Listed entries:
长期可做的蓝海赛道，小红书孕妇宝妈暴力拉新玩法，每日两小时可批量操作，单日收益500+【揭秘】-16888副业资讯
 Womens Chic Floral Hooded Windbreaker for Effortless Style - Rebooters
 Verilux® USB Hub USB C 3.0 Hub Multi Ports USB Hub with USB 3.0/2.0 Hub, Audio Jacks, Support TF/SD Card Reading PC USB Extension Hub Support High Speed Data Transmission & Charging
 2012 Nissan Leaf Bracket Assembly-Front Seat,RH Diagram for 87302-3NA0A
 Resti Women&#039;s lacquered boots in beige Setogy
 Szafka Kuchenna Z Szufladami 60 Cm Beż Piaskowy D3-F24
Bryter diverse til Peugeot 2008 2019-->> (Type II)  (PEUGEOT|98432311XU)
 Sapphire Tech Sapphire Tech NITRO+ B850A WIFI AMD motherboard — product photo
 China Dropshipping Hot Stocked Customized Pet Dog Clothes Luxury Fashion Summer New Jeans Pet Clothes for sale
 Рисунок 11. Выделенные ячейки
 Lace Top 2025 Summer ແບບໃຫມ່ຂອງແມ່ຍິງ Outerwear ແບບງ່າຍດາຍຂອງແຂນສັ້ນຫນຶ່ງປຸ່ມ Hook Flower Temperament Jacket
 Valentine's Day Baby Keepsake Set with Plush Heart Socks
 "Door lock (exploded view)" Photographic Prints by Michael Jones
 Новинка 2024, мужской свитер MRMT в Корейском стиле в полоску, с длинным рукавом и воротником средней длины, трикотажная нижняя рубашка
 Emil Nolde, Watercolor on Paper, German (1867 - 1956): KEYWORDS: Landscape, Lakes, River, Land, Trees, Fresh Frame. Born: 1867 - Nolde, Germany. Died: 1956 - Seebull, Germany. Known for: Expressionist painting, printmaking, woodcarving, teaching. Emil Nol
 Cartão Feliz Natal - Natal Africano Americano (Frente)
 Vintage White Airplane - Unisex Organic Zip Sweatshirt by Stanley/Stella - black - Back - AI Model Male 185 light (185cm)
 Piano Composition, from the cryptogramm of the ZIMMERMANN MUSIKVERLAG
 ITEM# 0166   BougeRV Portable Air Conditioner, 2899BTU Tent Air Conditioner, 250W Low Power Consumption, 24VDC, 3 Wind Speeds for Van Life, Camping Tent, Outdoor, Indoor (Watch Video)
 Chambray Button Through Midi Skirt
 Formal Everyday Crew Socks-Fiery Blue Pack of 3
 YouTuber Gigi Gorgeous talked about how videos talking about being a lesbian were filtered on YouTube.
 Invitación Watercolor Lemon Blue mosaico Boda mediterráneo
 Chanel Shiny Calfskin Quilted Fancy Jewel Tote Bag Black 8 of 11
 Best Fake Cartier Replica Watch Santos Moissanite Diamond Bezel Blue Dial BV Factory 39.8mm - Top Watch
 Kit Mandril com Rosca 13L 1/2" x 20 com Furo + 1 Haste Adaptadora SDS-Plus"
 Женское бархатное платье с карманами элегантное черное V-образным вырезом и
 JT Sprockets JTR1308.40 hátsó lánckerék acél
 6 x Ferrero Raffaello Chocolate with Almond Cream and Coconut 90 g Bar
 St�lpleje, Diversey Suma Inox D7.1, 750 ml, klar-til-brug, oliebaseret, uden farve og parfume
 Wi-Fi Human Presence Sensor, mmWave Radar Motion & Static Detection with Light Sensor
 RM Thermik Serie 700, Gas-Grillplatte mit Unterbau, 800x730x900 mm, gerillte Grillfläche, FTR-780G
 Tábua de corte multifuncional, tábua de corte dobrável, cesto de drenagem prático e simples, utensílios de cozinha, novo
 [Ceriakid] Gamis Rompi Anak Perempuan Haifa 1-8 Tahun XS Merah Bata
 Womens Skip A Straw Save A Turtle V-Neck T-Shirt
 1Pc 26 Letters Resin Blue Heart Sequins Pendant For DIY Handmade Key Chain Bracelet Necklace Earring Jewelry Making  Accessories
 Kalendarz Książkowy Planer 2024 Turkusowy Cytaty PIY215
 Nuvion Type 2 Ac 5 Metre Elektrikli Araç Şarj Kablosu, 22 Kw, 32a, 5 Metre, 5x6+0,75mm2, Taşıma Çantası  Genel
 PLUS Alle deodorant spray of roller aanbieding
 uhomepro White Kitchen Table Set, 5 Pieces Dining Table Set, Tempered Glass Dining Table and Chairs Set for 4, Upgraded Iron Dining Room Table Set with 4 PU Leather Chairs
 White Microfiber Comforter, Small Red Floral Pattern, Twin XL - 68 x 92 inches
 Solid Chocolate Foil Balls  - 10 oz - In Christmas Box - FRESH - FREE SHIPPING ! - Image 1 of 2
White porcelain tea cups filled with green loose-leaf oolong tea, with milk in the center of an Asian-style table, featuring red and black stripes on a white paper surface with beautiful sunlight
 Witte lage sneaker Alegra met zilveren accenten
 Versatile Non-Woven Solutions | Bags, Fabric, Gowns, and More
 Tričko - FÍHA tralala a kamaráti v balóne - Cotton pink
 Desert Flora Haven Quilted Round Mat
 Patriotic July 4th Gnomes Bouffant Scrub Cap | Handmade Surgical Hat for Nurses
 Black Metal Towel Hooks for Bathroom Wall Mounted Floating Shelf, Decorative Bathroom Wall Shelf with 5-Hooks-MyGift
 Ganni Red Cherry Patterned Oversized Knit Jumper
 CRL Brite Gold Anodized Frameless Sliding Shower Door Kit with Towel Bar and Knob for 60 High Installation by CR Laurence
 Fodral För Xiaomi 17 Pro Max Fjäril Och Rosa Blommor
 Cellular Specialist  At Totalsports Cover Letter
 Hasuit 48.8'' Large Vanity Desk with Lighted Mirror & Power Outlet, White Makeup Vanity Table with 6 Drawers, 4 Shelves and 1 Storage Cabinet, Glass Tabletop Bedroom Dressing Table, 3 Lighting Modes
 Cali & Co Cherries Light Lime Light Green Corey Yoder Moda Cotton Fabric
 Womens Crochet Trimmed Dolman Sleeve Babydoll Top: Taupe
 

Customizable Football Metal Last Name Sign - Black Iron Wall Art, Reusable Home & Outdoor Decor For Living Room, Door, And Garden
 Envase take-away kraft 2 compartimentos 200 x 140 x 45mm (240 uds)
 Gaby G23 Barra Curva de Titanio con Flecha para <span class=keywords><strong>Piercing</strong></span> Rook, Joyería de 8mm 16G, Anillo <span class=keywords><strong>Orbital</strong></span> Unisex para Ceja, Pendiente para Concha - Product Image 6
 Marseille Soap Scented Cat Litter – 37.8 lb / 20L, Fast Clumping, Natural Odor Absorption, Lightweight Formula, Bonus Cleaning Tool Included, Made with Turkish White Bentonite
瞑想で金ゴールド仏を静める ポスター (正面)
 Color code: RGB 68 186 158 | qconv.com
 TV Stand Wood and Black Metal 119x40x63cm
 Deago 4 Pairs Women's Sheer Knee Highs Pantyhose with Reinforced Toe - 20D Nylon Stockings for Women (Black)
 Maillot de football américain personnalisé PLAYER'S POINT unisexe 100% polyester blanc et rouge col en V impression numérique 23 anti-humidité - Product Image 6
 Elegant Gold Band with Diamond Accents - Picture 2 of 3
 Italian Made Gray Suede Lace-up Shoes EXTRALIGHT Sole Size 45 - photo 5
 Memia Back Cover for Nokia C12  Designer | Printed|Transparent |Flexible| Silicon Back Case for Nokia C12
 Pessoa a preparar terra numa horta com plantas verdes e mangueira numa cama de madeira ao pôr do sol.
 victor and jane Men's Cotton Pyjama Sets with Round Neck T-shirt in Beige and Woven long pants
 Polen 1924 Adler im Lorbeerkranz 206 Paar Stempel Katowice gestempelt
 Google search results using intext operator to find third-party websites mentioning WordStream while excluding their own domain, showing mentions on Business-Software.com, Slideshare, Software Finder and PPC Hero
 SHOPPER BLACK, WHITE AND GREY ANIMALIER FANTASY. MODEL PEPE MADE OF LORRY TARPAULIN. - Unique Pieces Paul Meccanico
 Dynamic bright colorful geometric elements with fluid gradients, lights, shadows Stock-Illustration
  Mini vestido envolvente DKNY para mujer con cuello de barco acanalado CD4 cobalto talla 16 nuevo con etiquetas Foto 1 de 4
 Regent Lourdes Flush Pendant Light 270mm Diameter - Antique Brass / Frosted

How to complete this task:
Both end lines included, restate word for word the lines above from the line with "Solid Chocolate Foil" to the line with "Tričko - FÍHA", and nothing else.

Reply to the task:
 Solid Chocolate Foil Balls  - 10 oz - In Christmas Box - FRESH - FREE SHIPPING ! - Image 1 of 2
White porcelain tea cups filled with green loose-leaf oolong tea, with milk in the center of an Asian-style table, featuring red and black stripes on a white paper surface with beautiful sunlight
 Witte lage sneaker Alegra met zilveren accenten
 Versatile Non-Woven Solutions | Bags, Fabric, Gowns, and More
 Tričko - FÍHA tralala a kamaráti v balóne - Cotton pink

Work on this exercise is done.